Jahzeel Ortega remembered her son as “generous,” kind,” “loving” and “respectful.” He had a bike but preferred his scooter. He liked to videotape himself doing Kendama tricks, a Japanese game involving wood and string. He had a contagious happiness.
“There was never a dull moment with him,” Ortega said Tuesday.
Joshua Rodriguez—her 11-year-old boy whom family and friends called “loving” and unafraid to share his feelings—was killed Monday afternoon when a county transit bus struck his bicycle on Memorial Drive at Verdun Avenue.
“He was full of dreams,” Ortega said. “He loved to be outside. He loved his friends.”
One friend, Adrian Jacobs-Carrillo, 13, who attended Marguerite Maze Middle School with him, remembered his winning sense of humor.
“Joshua had a funny way of saying how he felt,” Jacobs-Carrillo said. “He wasn’t afraid to say anything. He was just really funny.”
Jacobs-Carrillo remembered once being at a friend’s house when Rodriguez got the group laughing.

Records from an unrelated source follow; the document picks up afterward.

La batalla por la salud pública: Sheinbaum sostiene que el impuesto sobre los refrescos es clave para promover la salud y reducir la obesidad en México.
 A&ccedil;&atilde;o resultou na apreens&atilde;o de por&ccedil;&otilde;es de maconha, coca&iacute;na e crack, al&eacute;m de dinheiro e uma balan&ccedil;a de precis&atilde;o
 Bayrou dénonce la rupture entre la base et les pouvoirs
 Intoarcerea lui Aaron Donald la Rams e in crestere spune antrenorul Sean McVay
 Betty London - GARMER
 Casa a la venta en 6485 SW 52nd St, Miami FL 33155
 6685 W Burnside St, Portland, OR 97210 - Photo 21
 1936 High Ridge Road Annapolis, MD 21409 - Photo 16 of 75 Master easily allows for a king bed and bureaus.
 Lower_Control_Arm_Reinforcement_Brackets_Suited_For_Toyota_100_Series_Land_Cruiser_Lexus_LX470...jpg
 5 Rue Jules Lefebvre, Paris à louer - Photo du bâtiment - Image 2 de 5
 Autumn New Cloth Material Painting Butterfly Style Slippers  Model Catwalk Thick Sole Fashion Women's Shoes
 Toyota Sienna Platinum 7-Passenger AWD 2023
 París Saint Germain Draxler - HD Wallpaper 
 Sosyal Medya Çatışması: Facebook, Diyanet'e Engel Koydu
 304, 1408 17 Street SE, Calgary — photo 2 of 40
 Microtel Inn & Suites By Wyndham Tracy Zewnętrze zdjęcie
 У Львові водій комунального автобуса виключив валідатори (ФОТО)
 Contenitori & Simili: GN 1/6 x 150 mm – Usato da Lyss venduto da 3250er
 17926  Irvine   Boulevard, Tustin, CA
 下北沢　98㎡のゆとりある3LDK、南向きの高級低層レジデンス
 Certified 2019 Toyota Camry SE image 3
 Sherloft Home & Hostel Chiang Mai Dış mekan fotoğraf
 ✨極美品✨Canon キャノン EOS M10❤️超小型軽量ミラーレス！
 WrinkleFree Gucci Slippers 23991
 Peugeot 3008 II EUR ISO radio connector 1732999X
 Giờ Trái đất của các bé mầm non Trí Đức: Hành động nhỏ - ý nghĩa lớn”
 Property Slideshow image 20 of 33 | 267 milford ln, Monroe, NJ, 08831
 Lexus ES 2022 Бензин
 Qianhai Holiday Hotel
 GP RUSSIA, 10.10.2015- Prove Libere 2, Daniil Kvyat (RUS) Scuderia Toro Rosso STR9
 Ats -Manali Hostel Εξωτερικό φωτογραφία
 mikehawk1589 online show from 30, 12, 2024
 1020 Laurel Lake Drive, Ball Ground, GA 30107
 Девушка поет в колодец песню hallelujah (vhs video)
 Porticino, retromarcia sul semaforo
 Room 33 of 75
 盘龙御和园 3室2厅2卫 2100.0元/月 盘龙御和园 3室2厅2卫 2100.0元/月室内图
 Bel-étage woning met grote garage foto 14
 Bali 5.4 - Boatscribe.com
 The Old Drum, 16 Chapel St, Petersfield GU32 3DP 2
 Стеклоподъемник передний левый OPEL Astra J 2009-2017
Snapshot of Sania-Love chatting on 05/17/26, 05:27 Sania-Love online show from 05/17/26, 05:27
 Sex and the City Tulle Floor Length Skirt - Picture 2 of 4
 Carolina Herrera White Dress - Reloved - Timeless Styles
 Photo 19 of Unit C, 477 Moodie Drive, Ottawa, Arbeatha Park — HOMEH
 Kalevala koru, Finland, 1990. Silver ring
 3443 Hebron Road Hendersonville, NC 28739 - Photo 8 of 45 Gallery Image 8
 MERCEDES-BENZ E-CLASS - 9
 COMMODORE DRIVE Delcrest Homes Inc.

“Joshua said, ‘Adrian, you’re sexy—from a girl’s perspective,” he said.
Sheila Cordova—whose son was Rodriguez’s best friend—also reminisced about him as a young man with lots of affection and happiness to share.
“He was a lover,” she said. “He had the biggest heart anybody could have.”
Cordova said her son Cody, 12, and Rodriguez “were inseparable.” Rodriguez came from the type of family “that just showed their love,” the mom said. As early as third grade, Rodriguez had no problem telling people what they meant to him, she said.
“Josh would tell the kids—even the boys—‘I love you,’” Cordova said.
He spent so much time at their house that her husband finally gave him the nickname, “chihuahueño bueno,”which means “little chihuahua” in Spanish.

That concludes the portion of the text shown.